Causey v. United States, 240 U.S. 399 (1916)

Causey v. United States

No. 197

Argued January 26, 1916

Decided March 6, 1916

240 U.S. 399




The rule that findings of fact concurred in by the master and both courts below should not be disturbed unless clearly erroneous applied in this case to findings that the original entryman had entered into an unlawful agreement and fraud to pass title when acquired to another.

It is immaterial in such a case whether a homestead entry is perfected by five years' residence and cultivation or by commutation and payment of minimum price, as an agreement to obtain the land for another disqualifies the entryman from acquiring the title in either mode.

While there is no controlling statute, and it is therefore essential that a suit in the name of the United States to cancel a homestead patent be brought with the approval of the Attorney General, that objection, in this case, is met by the fact that the United States is represented in this Court by an assistant attorney general and the production of a letter of the Attorney General authorizing the suit.

This Court may infer in the circumstances of this case that the letter was exhibited in the courts below to meet the objection that the case was brought without the sanction of the Attorney General.

The United States, in disposing of its public lands, is not on the same plane as a mere seller of real estate at market value; questions of enforcement of statutes and of public policy are involved in suits to cancel patents, and the rule applicable to private contracts that the vendor seeking to rescind must be ready to return the consideration does not apply to the government in such a suit.

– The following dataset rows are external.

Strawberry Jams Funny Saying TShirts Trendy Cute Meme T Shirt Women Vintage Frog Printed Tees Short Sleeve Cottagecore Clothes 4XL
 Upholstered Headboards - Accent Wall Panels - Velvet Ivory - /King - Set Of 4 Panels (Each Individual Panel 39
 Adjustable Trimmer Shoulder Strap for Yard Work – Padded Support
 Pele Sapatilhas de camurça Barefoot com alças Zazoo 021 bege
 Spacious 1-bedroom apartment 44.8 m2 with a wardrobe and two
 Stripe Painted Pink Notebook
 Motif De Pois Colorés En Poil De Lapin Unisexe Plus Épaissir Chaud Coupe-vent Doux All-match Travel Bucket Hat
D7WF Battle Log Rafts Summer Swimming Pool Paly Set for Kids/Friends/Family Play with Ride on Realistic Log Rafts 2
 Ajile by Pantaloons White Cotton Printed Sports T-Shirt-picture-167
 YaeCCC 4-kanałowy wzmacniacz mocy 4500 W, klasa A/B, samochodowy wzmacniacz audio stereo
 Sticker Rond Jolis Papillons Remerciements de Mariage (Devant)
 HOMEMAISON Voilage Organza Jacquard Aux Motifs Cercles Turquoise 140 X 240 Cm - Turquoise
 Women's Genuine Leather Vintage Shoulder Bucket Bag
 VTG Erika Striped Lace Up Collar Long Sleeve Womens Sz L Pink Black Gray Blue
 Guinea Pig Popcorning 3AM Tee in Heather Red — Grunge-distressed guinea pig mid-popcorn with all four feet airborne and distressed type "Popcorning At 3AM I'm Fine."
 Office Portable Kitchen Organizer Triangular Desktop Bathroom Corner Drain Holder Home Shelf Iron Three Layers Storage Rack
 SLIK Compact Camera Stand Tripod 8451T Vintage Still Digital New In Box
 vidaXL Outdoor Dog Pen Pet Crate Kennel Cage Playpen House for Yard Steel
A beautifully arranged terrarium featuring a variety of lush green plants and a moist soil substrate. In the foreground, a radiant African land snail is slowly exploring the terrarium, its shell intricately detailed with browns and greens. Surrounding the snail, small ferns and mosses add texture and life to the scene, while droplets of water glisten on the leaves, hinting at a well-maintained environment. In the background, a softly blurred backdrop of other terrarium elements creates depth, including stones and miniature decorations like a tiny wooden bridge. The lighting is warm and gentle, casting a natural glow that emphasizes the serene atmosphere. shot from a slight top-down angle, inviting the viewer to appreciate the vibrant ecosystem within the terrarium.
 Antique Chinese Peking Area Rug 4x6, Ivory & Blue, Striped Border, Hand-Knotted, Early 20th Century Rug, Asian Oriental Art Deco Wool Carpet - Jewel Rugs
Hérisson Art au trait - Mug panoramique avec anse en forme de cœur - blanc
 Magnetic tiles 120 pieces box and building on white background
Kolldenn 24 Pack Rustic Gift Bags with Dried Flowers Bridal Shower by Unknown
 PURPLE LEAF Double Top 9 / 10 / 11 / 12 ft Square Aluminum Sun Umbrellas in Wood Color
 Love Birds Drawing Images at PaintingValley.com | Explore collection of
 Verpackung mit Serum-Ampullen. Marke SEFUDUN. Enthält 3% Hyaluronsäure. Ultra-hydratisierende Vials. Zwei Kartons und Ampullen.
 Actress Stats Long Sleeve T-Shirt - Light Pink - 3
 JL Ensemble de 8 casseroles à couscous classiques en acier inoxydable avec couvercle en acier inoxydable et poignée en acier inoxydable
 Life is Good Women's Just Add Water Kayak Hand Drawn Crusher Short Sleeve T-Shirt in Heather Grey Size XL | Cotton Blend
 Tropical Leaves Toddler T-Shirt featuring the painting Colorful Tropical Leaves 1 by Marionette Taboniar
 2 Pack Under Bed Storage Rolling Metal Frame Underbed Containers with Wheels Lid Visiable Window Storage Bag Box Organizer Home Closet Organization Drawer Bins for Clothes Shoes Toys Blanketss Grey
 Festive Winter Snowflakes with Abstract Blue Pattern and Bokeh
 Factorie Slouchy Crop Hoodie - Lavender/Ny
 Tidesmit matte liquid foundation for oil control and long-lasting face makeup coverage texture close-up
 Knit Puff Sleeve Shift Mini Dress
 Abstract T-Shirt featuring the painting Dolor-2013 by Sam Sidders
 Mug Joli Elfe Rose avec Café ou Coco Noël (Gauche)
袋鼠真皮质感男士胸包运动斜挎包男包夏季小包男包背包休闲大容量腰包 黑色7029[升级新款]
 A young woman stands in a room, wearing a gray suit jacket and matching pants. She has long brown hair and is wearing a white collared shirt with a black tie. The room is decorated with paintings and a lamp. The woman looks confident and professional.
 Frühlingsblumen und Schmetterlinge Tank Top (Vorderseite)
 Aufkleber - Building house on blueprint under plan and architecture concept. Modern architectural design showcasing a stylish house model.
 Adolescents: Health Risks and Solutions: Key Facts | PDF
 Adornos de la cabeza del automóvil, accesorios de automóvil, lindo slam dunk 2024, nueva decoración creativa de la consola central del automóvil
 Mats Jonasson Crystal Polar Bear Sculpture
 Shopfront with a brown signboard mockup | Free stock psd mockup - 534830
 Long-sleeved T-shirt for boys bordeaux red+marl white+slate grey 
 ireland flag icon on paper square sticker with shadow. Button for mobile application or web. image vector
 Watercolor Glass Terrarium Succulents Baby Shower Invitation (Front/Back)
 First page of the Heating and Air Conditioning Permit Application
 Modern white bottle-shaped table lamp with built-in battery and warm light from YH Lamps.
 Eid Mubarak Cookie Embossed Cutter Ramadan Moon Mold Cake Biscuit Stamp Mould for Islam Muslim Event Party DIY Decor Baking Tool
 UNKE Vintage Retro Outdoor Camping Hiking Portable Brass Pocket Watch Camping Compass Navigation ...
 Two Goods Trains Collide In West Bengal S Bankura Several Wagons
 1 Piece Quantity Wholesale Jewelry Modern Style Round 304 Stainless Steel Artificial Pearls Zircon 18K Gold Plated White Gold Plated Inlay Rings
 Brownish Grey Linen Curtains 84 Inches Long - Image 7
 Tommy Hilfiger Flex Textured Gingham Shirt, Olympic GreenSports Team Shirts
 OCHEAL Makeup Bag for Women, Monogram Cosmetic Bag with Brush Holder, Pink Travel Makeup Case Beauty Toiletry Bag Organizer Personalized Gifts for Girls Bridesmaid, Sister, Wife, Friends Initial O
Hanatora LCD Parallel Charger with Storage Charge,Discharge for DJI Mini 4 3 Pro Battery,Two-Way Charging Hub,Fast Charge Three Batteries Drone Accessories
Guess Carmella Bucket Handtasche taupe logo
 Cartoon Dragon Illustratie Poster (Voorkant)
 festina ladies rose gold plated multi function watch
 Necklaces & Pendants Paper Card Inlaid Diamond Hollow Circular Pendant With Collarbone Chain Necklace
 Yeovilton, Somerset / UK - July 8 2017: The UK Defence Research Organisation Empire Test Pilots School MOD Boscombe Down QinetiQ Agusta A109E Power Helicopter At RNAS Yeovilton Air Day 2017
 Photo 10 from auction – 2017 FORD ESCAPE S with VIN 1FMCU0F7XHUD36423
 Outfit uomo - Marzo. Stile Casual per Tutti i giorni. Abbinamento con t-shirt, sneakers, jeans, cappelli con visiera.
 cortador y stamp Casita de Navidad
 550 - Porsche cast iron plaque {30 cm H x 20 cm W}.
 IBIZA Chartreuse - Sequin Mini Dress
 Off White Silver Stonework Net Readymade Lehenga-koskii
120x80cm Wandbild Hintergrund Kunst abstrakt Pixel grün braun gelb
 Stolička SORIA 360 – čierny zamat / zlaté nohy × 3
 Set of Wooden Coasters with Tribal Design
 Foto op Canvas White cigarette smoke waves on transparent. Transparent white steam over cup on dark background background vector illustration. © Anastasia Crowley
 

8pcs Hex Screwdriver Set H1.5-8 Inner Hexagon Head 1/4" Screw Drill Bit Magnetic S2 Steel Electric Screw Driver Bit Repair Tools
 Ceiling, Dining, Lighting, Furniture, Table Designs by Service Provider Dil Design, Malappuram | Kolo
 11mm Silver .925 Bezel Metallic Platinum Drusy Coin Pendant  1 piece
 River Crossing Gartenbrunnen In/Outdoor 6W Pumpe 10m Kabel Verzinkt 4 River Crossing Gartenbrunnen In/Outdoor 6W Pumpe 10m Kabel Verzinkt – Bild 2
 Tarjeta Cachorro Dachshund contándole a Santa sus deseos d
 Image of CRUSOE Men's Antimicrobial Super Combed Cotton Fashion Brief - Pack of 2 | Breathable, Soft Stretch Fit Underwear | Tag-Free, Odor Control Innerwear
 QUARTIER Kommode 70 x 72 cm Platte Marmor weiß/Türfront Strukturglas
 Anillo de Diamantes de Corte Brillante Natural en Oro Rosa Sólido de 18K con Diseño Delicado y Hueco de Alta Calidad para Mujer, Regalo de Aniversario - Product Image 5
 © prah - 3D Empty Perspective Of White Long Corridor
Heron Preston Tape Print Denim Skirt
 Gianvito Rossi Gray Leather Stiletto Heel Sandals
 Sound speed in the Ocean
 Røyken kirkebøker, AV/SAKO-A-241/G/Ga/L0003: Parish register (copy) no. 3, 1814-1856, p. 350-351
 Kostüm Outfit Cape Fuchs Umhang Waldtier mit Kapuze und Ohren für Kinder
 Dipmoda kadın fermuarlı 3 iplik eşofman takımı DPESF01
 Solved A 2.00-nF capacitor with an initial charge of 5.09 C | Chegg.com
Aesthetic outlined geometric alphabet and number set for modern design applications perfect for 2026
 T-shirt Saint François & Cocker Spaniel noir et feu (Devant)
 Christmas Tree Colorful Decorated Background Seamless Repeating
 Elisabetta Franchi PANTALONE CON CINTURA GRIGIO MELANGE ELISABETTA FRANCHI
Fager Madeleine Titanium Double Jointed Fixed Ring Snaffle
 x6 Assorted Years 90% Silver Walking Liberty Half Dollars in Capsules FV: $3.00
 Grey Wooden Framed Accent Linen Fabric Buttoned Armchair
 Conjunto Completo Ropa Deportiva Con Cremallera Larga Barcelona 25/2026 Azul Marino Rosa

A wrongdoer whose patent to land is cancelled by reason of his own fraud must restore the land and abide the judgment of Congress as to whether the consideration he paid shall be refunded.

The facts, which involve the validity of an entry of and patent for public lands under the homestead laws, are stated in the opinion.

Page 240 U. S. 400

MR. JUSTICE VAN DEVANTER delivered the opinion of the Court.

This is a suit by the United States to recover the title to 157.77 acres of land in Ascension Parish, Louisiana, patented to Powhatan E. Causey and by him transferred to James L. Bradford. While the land was yet public, Causey secured a preliminary homestead entry thereof by taking an oath, as was required, that he had not directly or indirectly made, and would not make, any agreement whereby the title which he might acquire would inure in whole or in part to the benefit of another. After the expiration of fourteen months, he secured a final entry under the commutation provision of the homestead law by presenting proof that he had not sold or contracted to sell any part of the land and by paying therefor in so-called scrip at the rate of $1.25 per acre. Pursuant to the final entry, the land was patented to him, and he transferred it to Bradford. As grounds for the suit, the bill charges that the oath and proof whereby the entries were secured were false in that, when Causey applied for the preliminary entry, he had entered into an agreement with one Wright, a clerk and agent of Bradford, whereby the title, when acquired, was to be passed to the latter; that both entries were made in pursuance of this unlawful agreement and were therefore fraudulent, and that Bradford took the transfer from Causey under the agreement and with full knowledge of the fraud perpetrated upon the government. It also is alleged that, in virtue of an arrangement with Bradford, Causey is claiming an interest in half of the land. With Bradford's

Page 240 U. S. 401

consent, a decree was entered against him. Causey answered, denying the unlawful agreement and fraud, and the suit was referred to a master, who found the facts to be as charged in the bill. The findings were sustained by the district court, which entered a decree against Causey, and the decree was affirmed by the circuit court of appeals. 203 F.1d 22.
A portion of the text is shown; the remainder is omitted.